** Opening STORED DATA block **

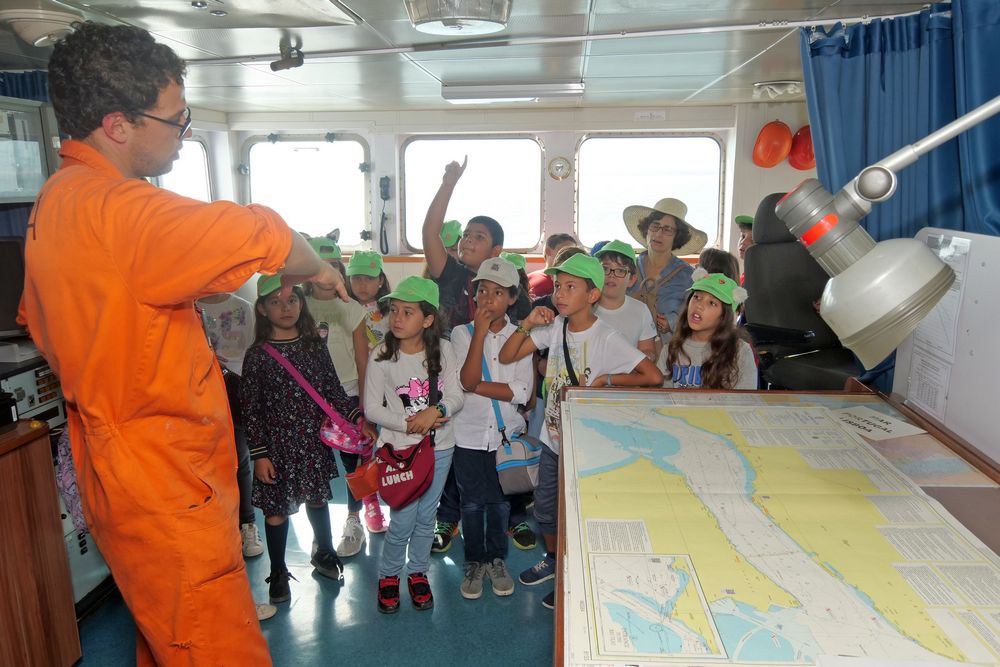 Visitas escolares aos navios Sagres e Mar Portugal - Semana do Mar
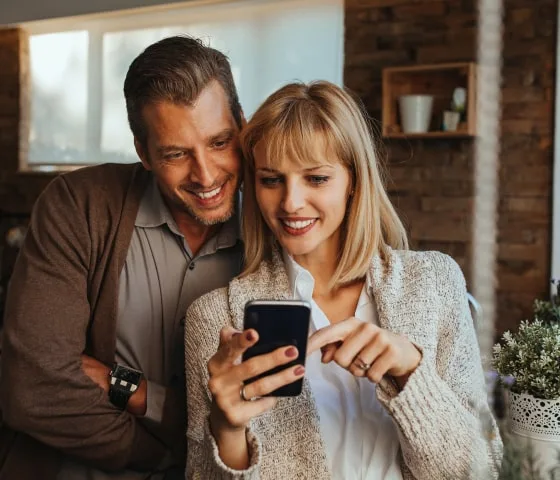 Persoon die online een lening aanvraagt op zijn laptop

** Closing STORED DATA block **
** Opening STORED DATA block **

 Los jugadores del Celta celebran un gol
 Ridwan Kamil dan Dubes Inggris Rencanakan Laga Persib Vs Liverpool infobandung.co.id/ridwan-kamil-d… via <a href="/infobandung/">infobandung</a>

** Closing STORED DATA block **

◆ ASSIGNMENT ◆
Skip every picture, and restate word for word only the lines above from the line containing "Visitas escolares aos" to the line containing "Persoon die online", both of them included.

◆ TASK SOLUTION ◆
 Visitas escolares aos navios Sagres e Mar Portugal - Semana do Mar
 Persoon die online een lening aanvraagt op zijn laptop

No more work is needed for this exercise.